Kim Cattrall’s Samantha does not appear in the new series because of interpersonal issues between the actresses. Samantha is referred to as being in London, having retreated from her friendships with the rest of the erstwhile foursome after Carrie stopped using her as a publicist. The storyline is questionable—but I would likely leave New York for London, too, if these most recent iterations of Charlotte, Miranda and Carrie were my closest connections in the Big Apple.

If the characters in “And Just Like That” feel even less likable than their prior selves in “Sex and the City,” perhaps it is actually not because the show has changed, but because the social landscape it so deftly reveals by way of hyperbole has. That is, these very people—elite, 50-something East Coasters in 2022—are in fact less likable than their 30-something selves were in 2002.

“Sex and the City,” for all its limitations, was a story about the universal human condition.

“Sex and the City,” for all its limitations, was a story about the universal human condition. As all stories must do, it explored the human condition through specific characters who—love them or loathe them—were relatable because they expressed their humanity in a universally understandable way. Like other iconic antiheroes of the era—Tony Soprano of “The Sopranos,” Omar Little of “The Wire,” Bill Hendrickson of “Big Love”—Carrie Bradshaw lived a life that bore no overt resemblance to any that I have lived or wanted to live.
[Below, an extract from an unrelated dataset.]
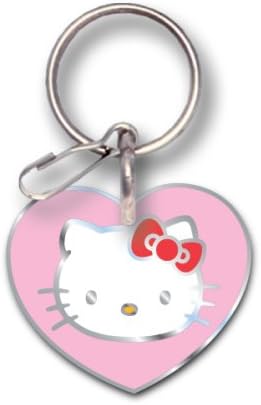 Plasticolor Officially Licensed Hello Kitty Enamel Key Chain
I have never been a 30-something single woman in New York any more than I have been a New Jersey mafia boss, a Baltimore stick-up man or a polygamist in Utah. But I do not need to be any of these things to understand these characters, or to see them in all their moral complexity; to empathize and identify with them, even as I question or condemn them. Because these were great stories, and great stories are all the same beneath the splendid array of differences that makes each one unique. The answers (whom to kill, whom to marry, how to cope) are specific to the place, the time, the characters and the circumstances. But the questions (Who am I? What is my life about? What is my legacy?) that necessitate those answers are universal to the human condition.

“And Just Like That” is about the human condition, too. Love (romantic, parental and other) and loss (not just Big’s death, but also Miranda’s unraveled marriage and Samantha’s text-only appearances) are the show’s themes. And yet the characters converse and behave in ways so foreign to anyone outside the tiny clique of white East Coast elites (like Charlotte and Harry, who rehearse for dinners with Black friends by preparing to name-drop as many Black authors as possible—eek!) that the momentum of the show does not wind up resting on an appeal to the universal humanity of everyone, even if they’re not like us. It rests, instead, on the presumption that everyone worth sharing our humanity with is, in all the ways that actually matter, just like us.

In this way, this fictional show about these specific people reflects, in a somewhat exaggerated but by no means inaccurate manner, the newly codified and truly staggering insularity of white East Coast elites in 2022. As such, the show remains worthwhile art, and a worthy story. But it is also a sadder story, and not just because it evocatively depicts so much love lost for the characters (though that is true). It is sad because it accurately reflects how much understanding of their shared humanity has been lost between the demographic set that the characters represent and the fellow citizens from whom they are ever more polarized by class and education (even as they are less divided along lines of race and sexual orientation within their upper-class milieu).

Maybe this is why I kept dutifully watching “And Just Like That”—not in spite of its “so out of touch and elitist we’re not even aware of it” quintessence, but because of it.

After all, I couldn’t help but wonder: Is this where it all ends? Or will the next season—in the show and in the culture it so aptly reflects—be better?